Opposing the request to comply with the law was, of course, the BLM, joined by Ute Mountain Ute Indian Tribe1 and the American and Utah branches of the Farm Bureau Federation.

After an 18 day hearing, the judge slammed the BLM, finding:

(1) BLM failed to comply with NEPA

(2) BLM violated FLPMA by “failing to make a reasoned and informed decision that the benefits of grazing the canyons outweigh the costs,” (Decision at 23

(3) BLM violated FLPMA by failing to make a reasoned and informed decision establishing stocking rates for the whole allotment;

(4) BLM violated the order in Feller v. BLM, supra, and applicable grazing regulations in engaging in “closed-door management” of the Comb Wash Allotment in issuing grazing authorizations without providing affected interests notice and the opportunity to comment on those authorizations, (Decision at 27); and

(5) BLM failed to conform to the forage utilization limits of the RMP.

Instead of complying with the law, the BLM, as is typical, appealed the decision along with the Ute Mountain Ute Indian Tribe and the ag industry henchmen

The appellate tribunal agreed with the lower judge.

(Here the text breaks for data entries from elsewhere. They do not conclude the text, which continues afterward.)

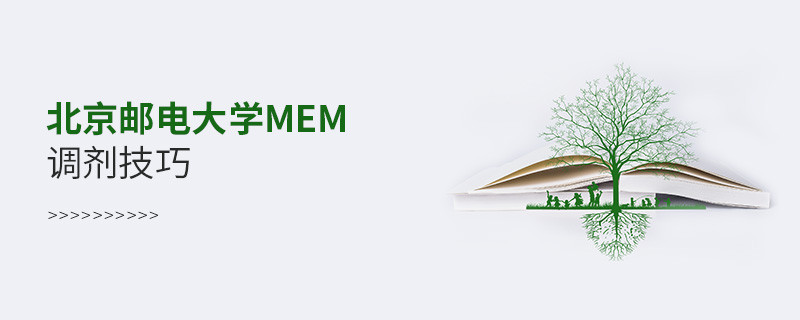 北京郵電大學MEM調劑技巧詳解！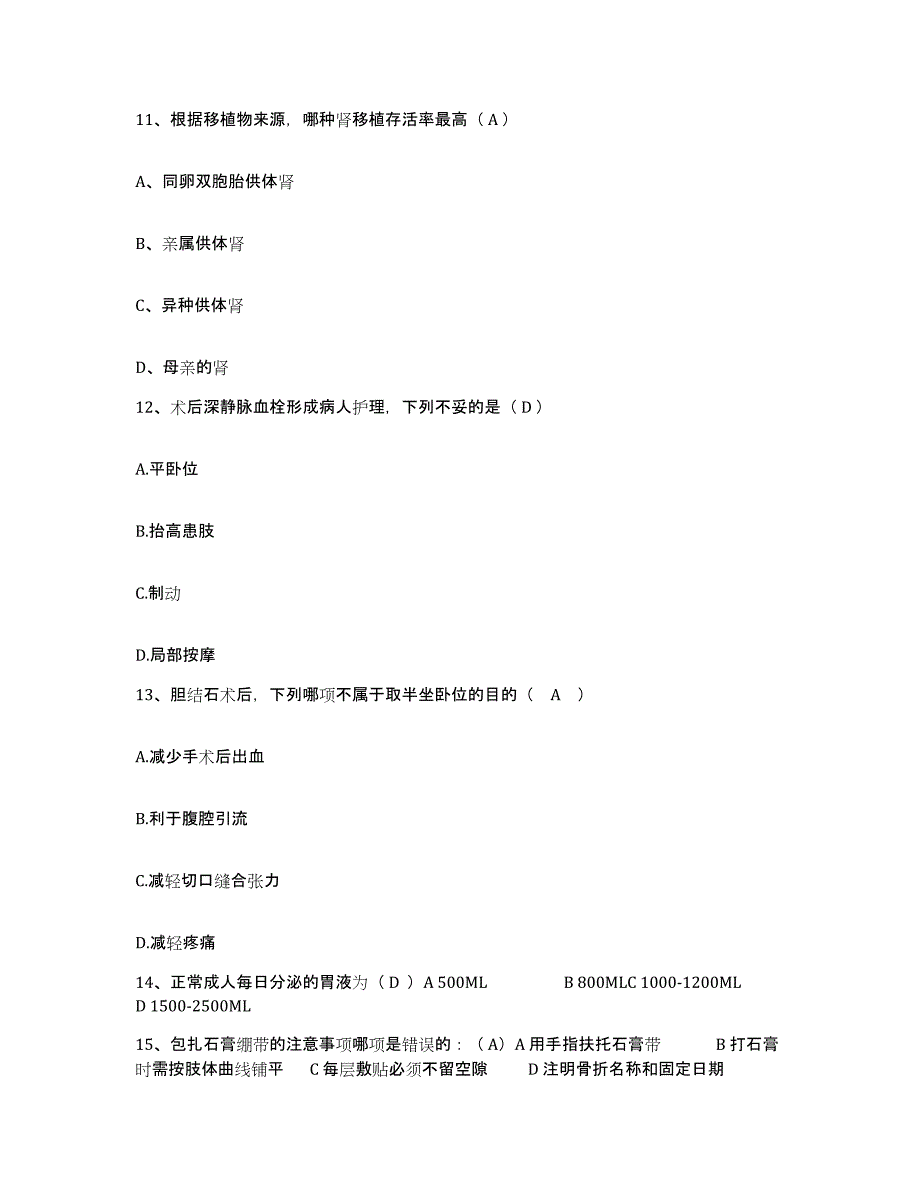 备考2025安徽省阜阳市建筑（集团）总公司建工医院护士招聘全真模拟考试试卷A卷含答案_第3页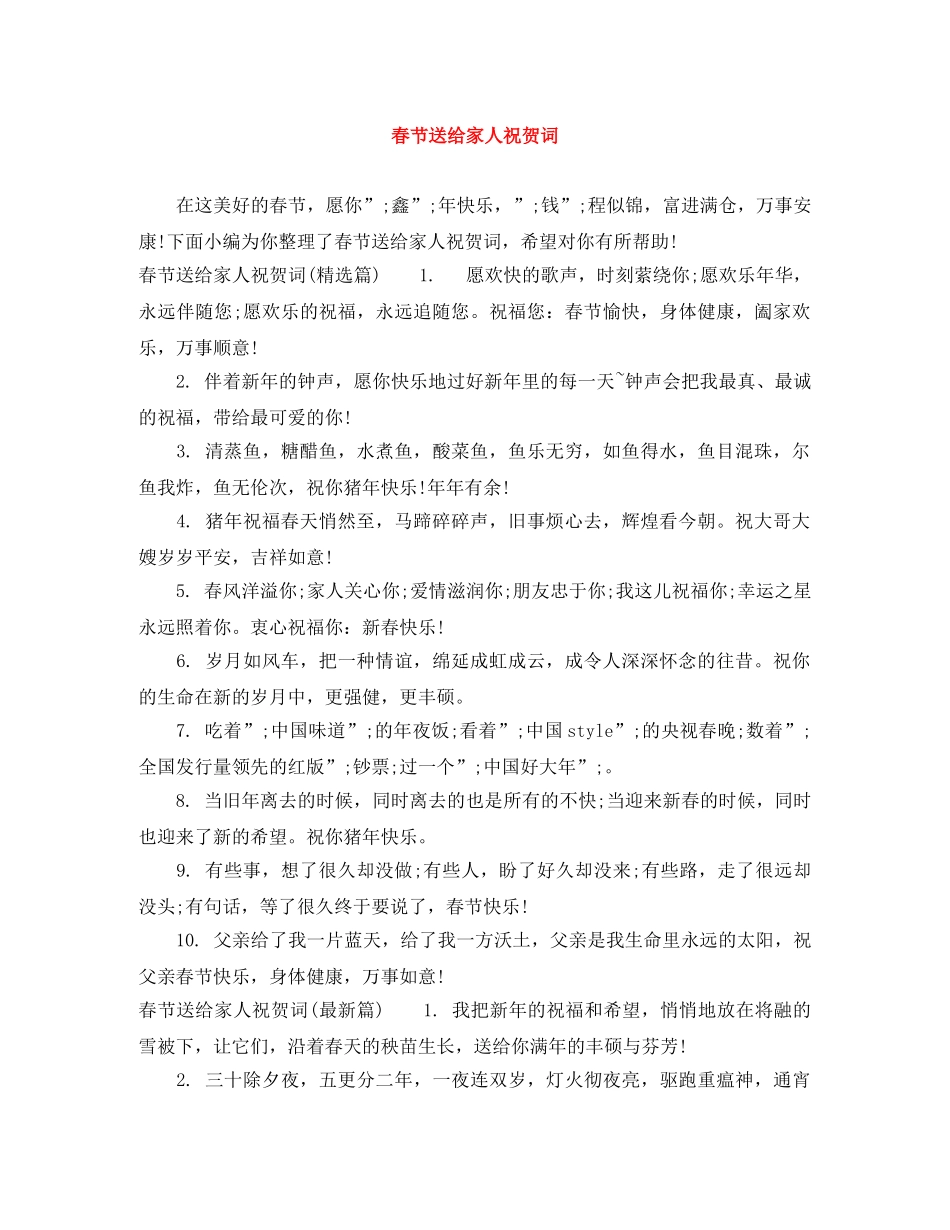春节送给家人祝贺词 _第1页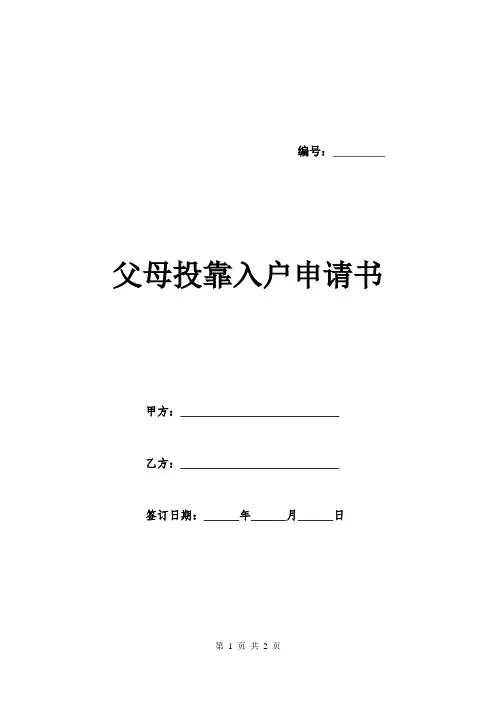 父母投靠入户申请书.doc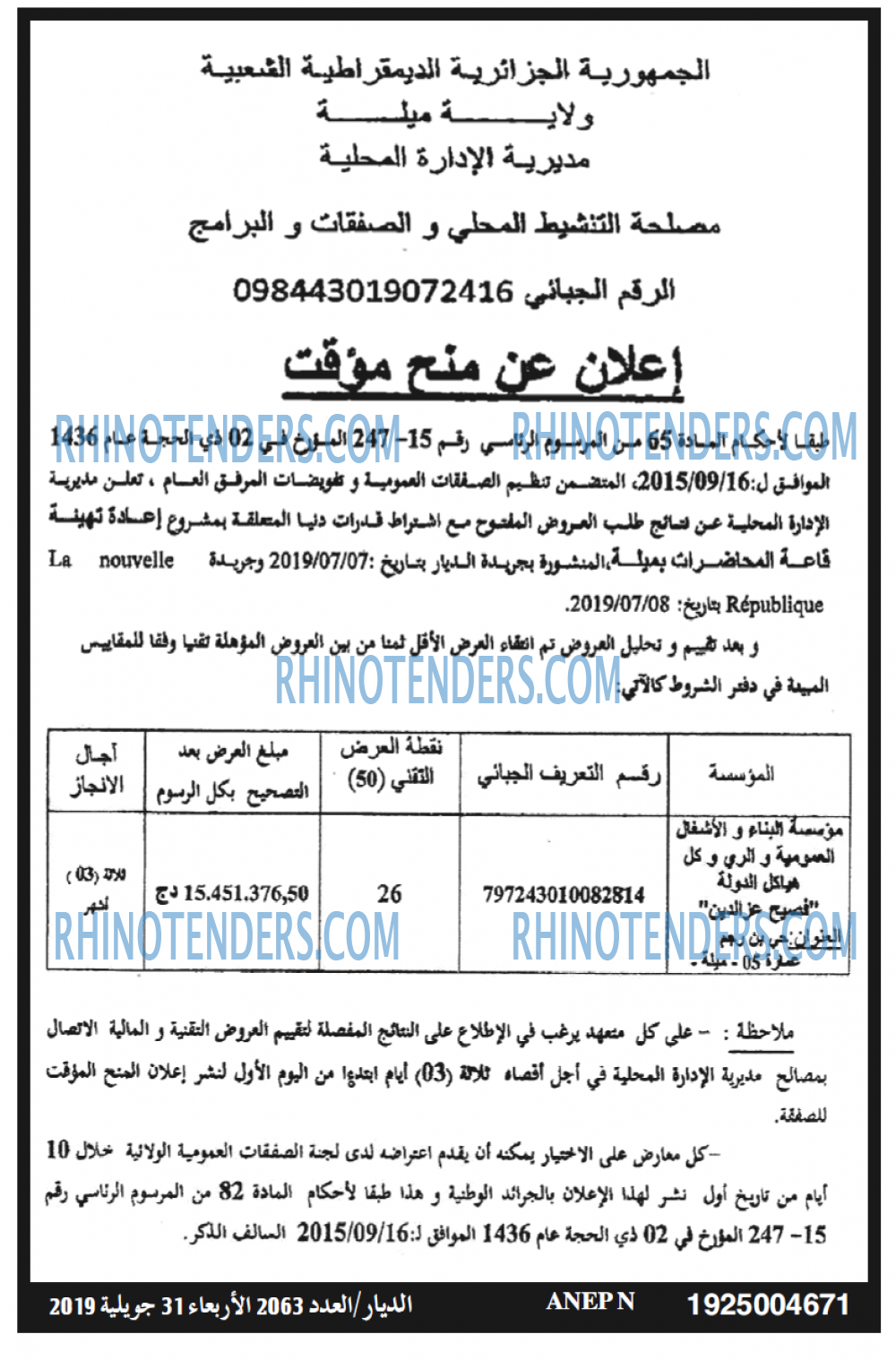 الديار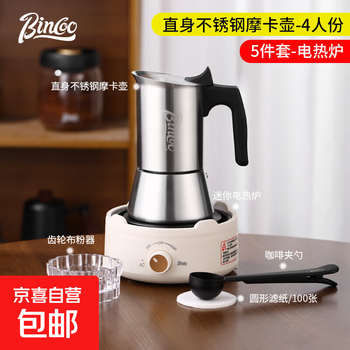 Bincoo moka pot stainless steel coffee pot espresso extraction small coffee machine set home outdoor 200ml moka pot 5-piece set-electric stove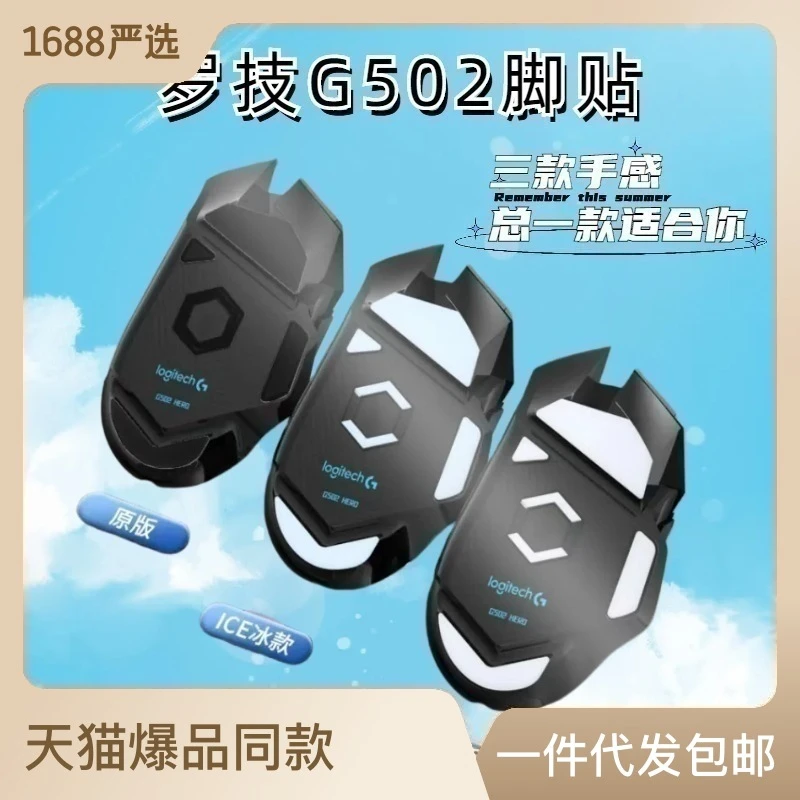 罗技G鼠标脚贴冰版替换弧边直边G502 903 703 304 102 gpw123鼠标
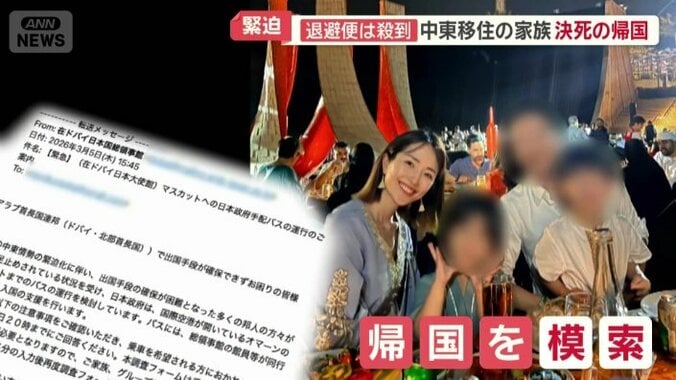 帰国を模索する家族4人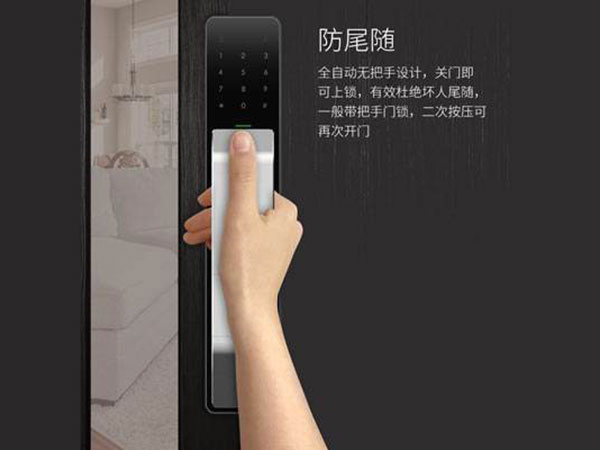 秀英24小时上门开锁公司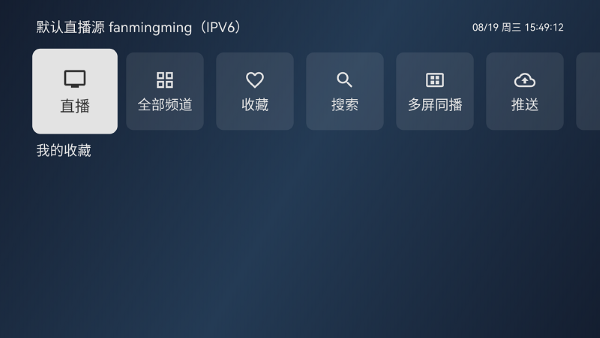 天光云影 3.3.10 安卓版 1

Contrary to the evidence and Mr. Scherick’s [the Field Office Manager at the time] belief, Mr. [Paul] Curtis [the range con] thought that the RMP had already considered the impacts of grazing on the allotment’s resources and determined that the allotment should be grazed, regardless of the recognized conflict with recreational uses and the need for adjustment confirmed by monitoring. He therefore felt it was not his responsibility to consider those impacts. Mr. Scherick’s reliance upon Mr. Curtis, who believed that the decision to graze had already been made and was still binding, does not constitute a rational basis for determining whether the canyons should be grazed.

Furthermore, Mr. Curtis, an expert in range management only, does not have the expertise necessary to understand all the impacts of grazing in the canyons. Yet, he testified that he relied solely upon the utilization data, the Proposed RMP/FEIS, and ocular observations to determine the specific terms under which grazing would be allowed. There is some question whether he also sought and relied upon advice from experts in archaeology and other fields, but he provided no documentation and little evidence of the context or content of any discussions with those experts.

It was a stunning and rare rebuke of the BLM’s blind allegiance to whatever bullsh*t that a range con fabricates.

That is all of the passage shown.